From Fields to Networks: trans4num’s progress towards transformative nutrient management

As the trans4num project enters its final year the consortium stands at a pivotal moment. What began as an ambitious effort to transform nutrient management through Nature-based Solutions (NBS) has evolved into a coordinated European network linking science, practice, and policy.

Over the past three years, partners across Denmark, Hungary, the Netherlands, the United Kingdom, and China have tested innovative pathways to make agriculture more circular, resilient, and climate-smart. The year ahead will focus on integrating these results into actionable models, stakeholder engagement processes, and policy dialogues that can guide future agri-food transformations in Europe and beyond.

trans4num’s vision has been clear from the start: to develop and test NBS that enhance nutrient efficiency, reduce environmental pressures, and strengthen food system resilience. Across diverse agricultural contexts, from the Limfjord catchment in Denmark to the Szigetköz region in Hungary, the project has explored how sustainable practices can align with social, economic, and policy realities.

The Nature-based Solutions tested under trans4num include perennial biomass rotations, bio-based fertilisers, no-tillage and cover crops, plant-based fertilisation, and waste-derived composts.
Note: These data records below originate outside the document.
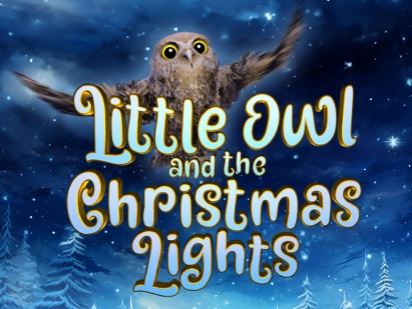 Little Owl and the Christmas Lights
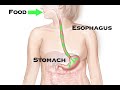 Understanding Acid Reflux Disease (Health Tip)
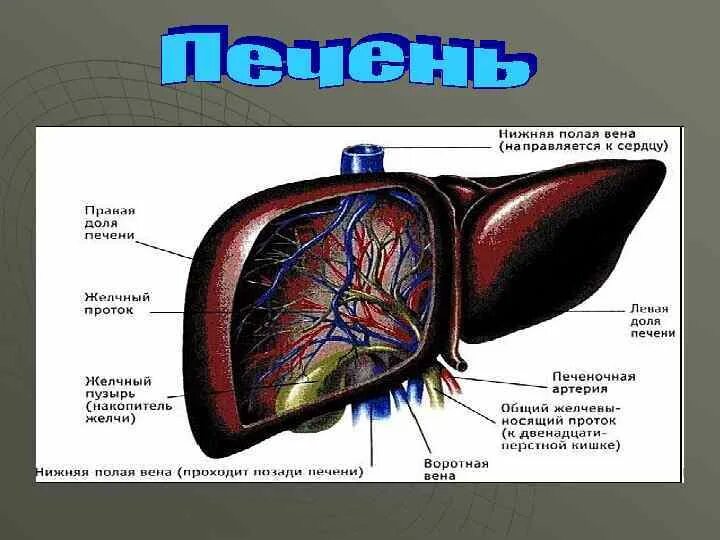 Какая вена в печени. Воротная Вена печени анатомия. Анатомия нижней полой вены и печени. Нижняя полая Вена и печень.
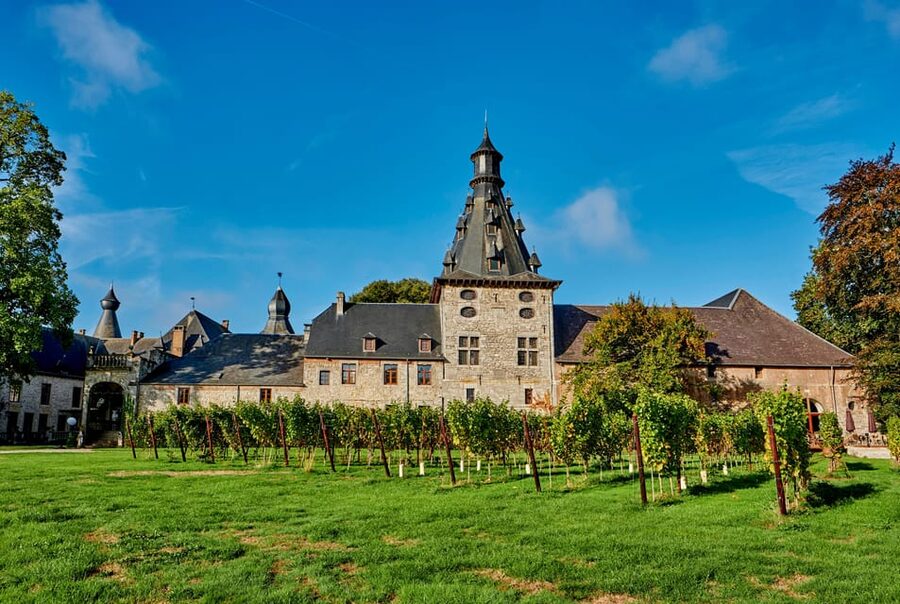 Bioul (near Dinant) : Château de Bioul Tour and Wine Tasting - Inside the château: rooms, objects, and quiet corners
Together, these approaches demonstrate how nutrient cycles can be closed locally, how dependency on synthetic inputs can be reduced, and how environmental goals can be met without compromising productivity.

But trans4num is not only about technologies. It is about transformations, the complex processes through which farming practices, value chains, and governance systems evolve together toward sustainability.

Throughout 2025, the project has focused on linking the experimental work at NBS sites with modelling, policy, and stakeholder engagement activities.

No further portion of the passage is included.